Trusted Solaris Developer's Guide

Sockets and TLI

The Trusted Solaris environment supports network communication using Berkeley sockets and Transport Layer Interface (TLI) over single-level and multilevel ports. The UNIX address family of system calls establishes process-to-process connections on the same host using a special file specified with a fully resolved pathname. The internet address family of system calls establishes process-to-process connections across the network using IP addresses and port numbers.

The PAF_DISKLESS_BOOT process attribute flag supports diskless boot servers. When this flag is on, the security attribute information in network packet headers is not sent. Getting and setting process attribute flags is covered in Chapter 2, Getting Started.

UNIX Address Family

In the UNIX address family of interfaces, only one server bind can be established to a single file. The server process needs the net_mac_read privilege in its effective set if a multilevel port connection is desired. If a single-level port connection is made instead, the server process needs mandatory read-equal access to the socket, and the client process needs mandatory write-equal access. Both processes need mandatory and discretionary access to the file. If access to the file is denied, the process denied access needs the appropriate file privilege in its effective set to gain access.

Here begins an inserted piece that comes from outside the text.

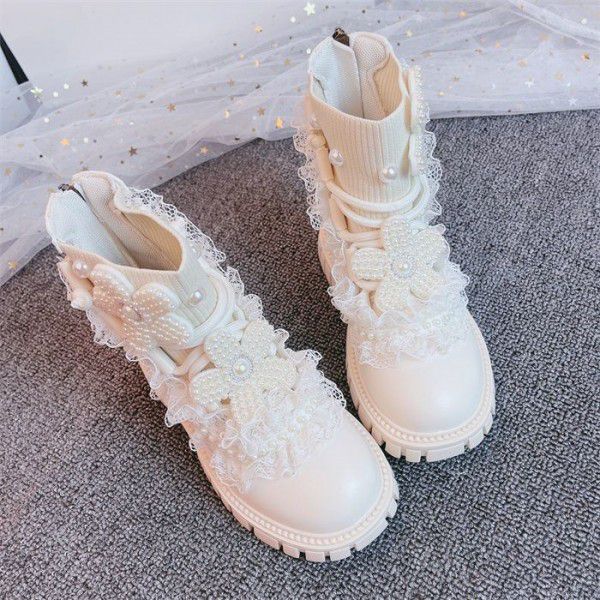 Girls' Martin Boots Spring Autumn Winter Lace Pearl Socks Boots Children's Short Boots Boots 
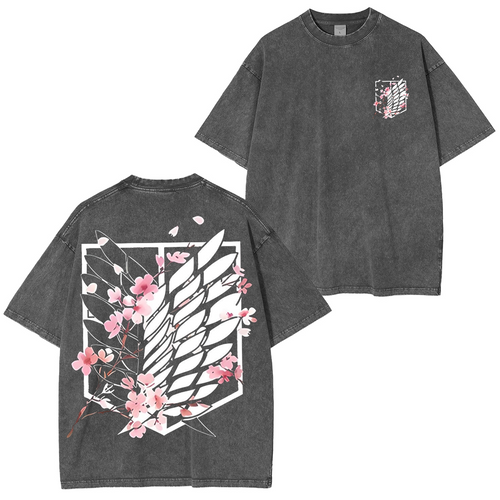 Attack on Titan Anime Unisex Washed T-Shirt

A server process can establish multiple single-level binds with files of the same name residing in different SLDs within the same MLD. This approach differs from a multilevel port connection in that it sets up parallel single-level port connections (polyinstantiated ports) and does not require privilege unless mandatory or discretionary access is denied to the specified single-level directory. See Chapter 7, Multilevel Directories.

Internet Address Family

In the internet address family, the process can establish a single-label or multilabel connection to privileged or unprivileged port numbers. To connect to privileged port numbers, the net_priv_addr privilege is required in addition to the net_mac_read privilege if a multilevel port connection is desired.